Toothless Dragon Cake


A while back I found myself on one of Dinkydoodle Designs cake course where I made a moving BB9 cake, it taught me a lot about the cake making process and I used a lot of that knowledge in making this new Toothless Dragon cake. The electronic parts are simply a servo, arduino, neopixels and a sound recorder, all fairly common parts but I learned a lot making/baking my own cake.






A 9 inch round cake was baked, cut and modified to form the basic shape required. Two crescent shapes were cut and moved up to form horns, the two eye sockets were added to the cheeks to pad them out a bit. 

The cake was covered in chocolate ganache to smooth out the lumps and bumps and firm the design up. Larger dollops of ganache further filled the gaps between the horns and the head.


Chocolate Silk sugarpaste was used to cover the whole cake. A large rolled sheet was stretched into place, smoothed and trimmed down to the board.


Details were added using rolled up balls of sugarpaste as scales and modelling tools for dimples and nostril details. This part of the cake stops at the top lip so I didn't need to worry about adding a mouth.


The whole cake was sprayed black. I used a water based airbrush paint but I'm informed an ethanol based colour would have gone on better and dried faster. It did suffer from a little beading on the surface but that all kind of added to the dragon skin texture.


The eyes were inserted into the cake at this point, made from white sugarpaste, they were painted green with a brush to deliberately add converging streaks. The black iris was sprayed on top using a hastily made stencil and the shiny spot made by masking off a tiny square before doing that.

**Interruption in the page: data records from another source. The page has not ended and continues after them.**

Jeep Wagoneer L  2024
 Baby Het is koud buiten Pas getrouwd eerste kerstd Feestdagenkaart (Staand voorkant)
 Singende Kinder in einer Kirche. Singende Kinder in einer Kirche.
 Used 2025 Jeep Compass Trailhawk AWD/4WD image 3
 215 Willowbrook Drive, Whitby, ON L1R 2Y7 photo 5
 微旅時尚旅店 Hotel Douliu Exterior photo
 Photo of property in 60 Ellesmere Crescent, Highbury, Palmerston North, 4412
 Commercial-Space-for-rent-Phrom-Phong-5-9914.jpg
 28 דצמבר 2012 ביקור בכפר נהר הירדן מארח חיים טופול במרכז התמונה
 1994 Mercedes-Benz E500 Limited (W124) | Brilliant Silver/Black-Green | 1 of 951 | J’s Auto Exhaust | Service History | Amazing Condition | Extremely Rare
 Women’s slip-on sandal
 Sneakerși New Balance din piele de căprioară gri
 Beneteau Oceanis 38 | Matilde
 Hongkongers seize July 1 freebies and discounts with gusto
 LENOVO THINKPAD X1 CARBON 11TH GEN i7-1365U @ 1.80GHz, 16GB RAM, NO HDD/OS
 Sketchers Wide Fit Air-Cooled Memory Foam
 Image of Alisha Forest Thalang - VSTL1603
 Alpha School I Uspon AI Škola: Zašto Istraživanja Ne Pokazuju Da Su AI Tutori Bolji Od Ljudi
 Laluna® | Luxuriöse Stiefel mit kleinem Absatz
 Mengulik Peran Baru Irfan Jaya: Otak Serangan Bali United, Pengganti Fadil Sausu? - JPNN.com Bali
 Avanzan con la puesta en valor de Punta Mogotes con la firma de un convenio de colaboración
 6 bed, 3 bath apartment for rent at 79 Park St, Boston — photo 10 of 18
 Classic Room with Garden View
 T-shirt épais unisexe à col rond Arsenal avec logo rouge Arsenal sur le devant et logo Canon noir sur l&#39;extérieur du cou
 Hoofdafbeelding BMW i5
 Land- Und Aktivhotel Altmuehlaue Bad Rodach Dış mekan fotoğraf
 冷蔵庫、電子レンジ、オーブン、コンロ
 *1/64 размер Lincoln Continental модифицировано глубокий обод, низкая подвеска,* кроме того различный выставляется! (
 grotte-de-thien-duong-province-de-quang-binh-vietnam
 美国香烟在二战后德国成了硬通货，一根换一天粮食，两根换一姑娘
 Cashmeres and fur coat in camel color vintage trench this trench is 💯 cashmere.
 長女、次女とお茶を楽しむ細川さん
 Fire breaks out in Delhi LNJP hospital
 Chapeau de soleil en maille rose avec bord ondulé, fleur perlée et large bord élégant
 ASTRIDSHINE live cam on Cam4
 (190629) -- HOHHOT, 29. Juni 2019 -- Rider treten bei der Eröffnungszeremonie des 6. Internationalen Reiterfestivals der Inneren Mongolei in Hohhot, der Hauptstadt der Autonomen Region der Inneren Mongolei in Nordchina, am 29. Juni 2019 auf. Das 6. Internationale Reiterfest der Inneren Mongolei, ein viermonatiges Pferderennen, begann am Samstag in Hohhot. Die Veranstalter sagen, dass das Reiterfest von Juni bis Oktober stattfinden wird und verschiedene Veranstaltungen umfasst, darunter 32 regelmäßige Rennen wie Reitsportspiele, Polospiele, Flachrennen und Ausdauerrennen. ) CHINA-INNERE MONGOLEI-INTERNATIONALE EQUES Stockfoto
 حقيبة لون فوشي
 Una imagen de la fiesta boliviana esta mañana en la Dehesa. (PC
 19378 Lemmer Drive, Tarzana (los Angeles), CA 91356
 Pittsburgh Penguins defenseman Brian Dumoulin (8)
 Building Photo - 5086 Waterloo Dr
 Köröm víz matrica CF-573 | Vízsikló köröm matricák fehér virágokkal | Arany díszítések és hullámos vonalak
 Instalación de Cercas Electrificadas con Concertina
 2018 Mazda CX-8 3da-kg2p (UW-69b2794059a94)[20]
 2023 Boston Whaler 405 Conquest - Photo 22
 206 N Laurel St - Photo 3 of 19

Eye lids were added over the top of the eyeballs and the whole thing touched up with more black spray. There was a little over spatter from my poor painting skills and some black streaks up the eyeballs from the paint brush but they all added to the details on each eye.


A lower jaw, row of teach and tongue were formed onto the moving base plate for the whole cake. An adafruit neopixel stick was placed into the back of the mouth to illuminate the mouth when it was opened. 


 A 12 inch board was covered with more sugar paste and effort was made to make it look like paving or a rock formation.


The Toothless head and jaw mechanism were added on top of the board, the mains power supply and Arduino were hidden in a cardboard box under the board, which tidied the whole thing up somewhat.
Hazel absolutely loved it and it went down very well at her party this weekend. The death by chocolate cake is very tasty.